Battle Mountain is located along Interstate 80, approximately halfway between Reno, and Salt Lake City, Utah.

Battle Mountain is the starting point of Nevada State Route 305, which heads southward to Austin.

The Union Pacific Railroad line runs through Battle Mountain with one daily Amtrak train, the California Zephyr which operates from the San Francisco Bay Area to Chicago via Reno and Salt Lake City, however, it speeds through Battle Mountain without stopping.
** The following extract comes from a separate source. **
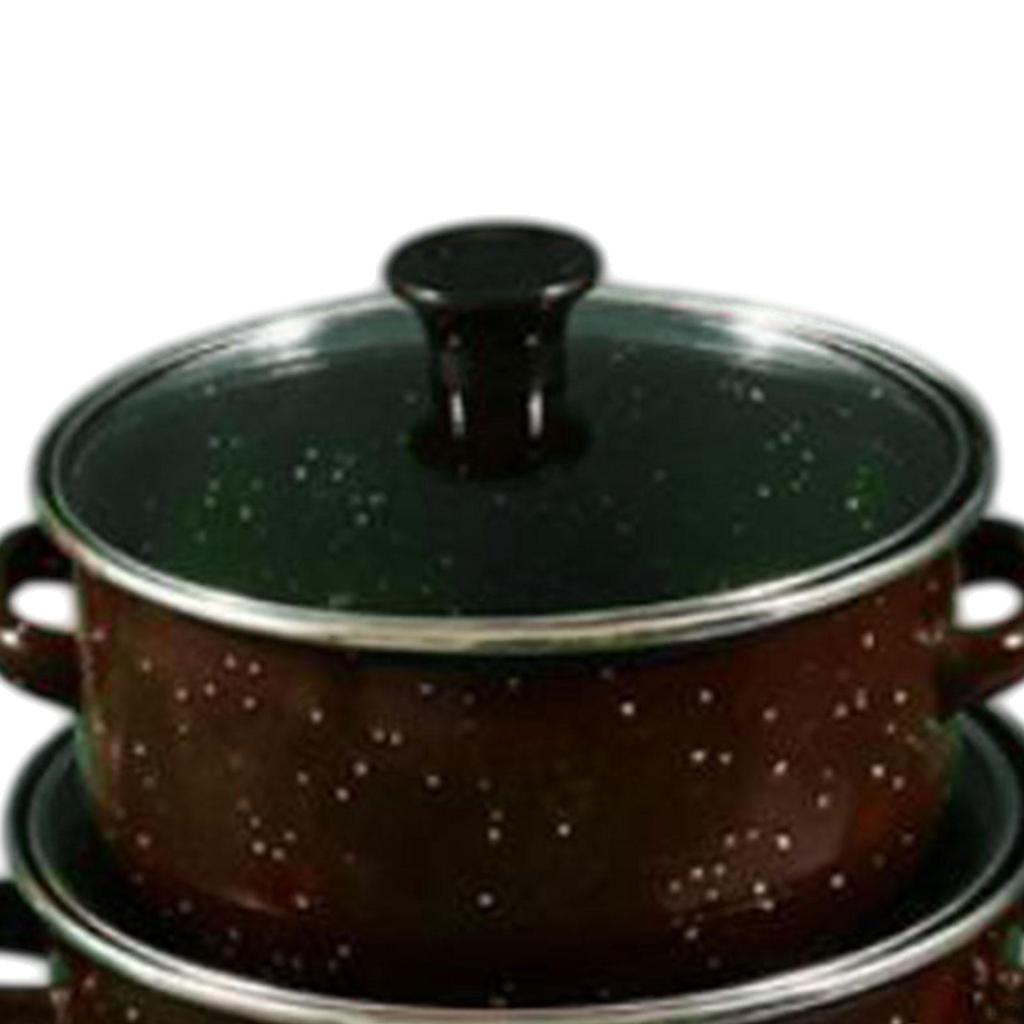 3 Pack Enamel Stockpot with Lid for Versatile Cooking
The nearest location to board the train is Winnemucca - located approximately 53 miles to the west.

The historic narrow-gauge Nevada Central Railroad line ran from Battle Mountain to Austin, but has long been defunct.

Battle Mountain Airport (IATA: BAM, ICAO: KBAM, FAA LID: BAM), also known as Lander County Airport, is a public-use airport located 3 mi southeast of the central business district of Battle Mountain. This general aviation airport is owned by Lander County and operated by the Battle Mountain Airport Authority.

==Notable people==
- Joyce Collins, jazz pianist, singer, and educator
- Mary Dann and Carrie Dann, (Crescent Valley) Western Shoshone activists for cultural and spiritual rights and land rights
- James H. Ledlie, Union officer in the Civil War whom Ulysses S. Grant called "the greatest coward of the war"
- John Marvel, rancher and legislator
- Jeannette Walls, author

==National recognition==
In December 2001, The Washington Post published an article by Gene Weingarten titled "Why Not The Worst?" that popularly titled Battle Mountain as the "Armpit of America". The town used the unofficial title as a publicity opportunity, and hosted an annual "Armpit Festival" from 2002–2005, which was sponsored by Old Spice and awarded deodorant-themed prizes to participants.

On January 2, 2009, The New York Times released an article titled "A Nevada Town Escapes the Slump, Thanks to Gold". The article regards the national economic depression and discusses Battle Mountain's economy.

==In popular culture==

The name of the 2007 debut studio album Downtown Battle Mountain by American post-hardcore band Dance Gavin Dance was inspired by the town.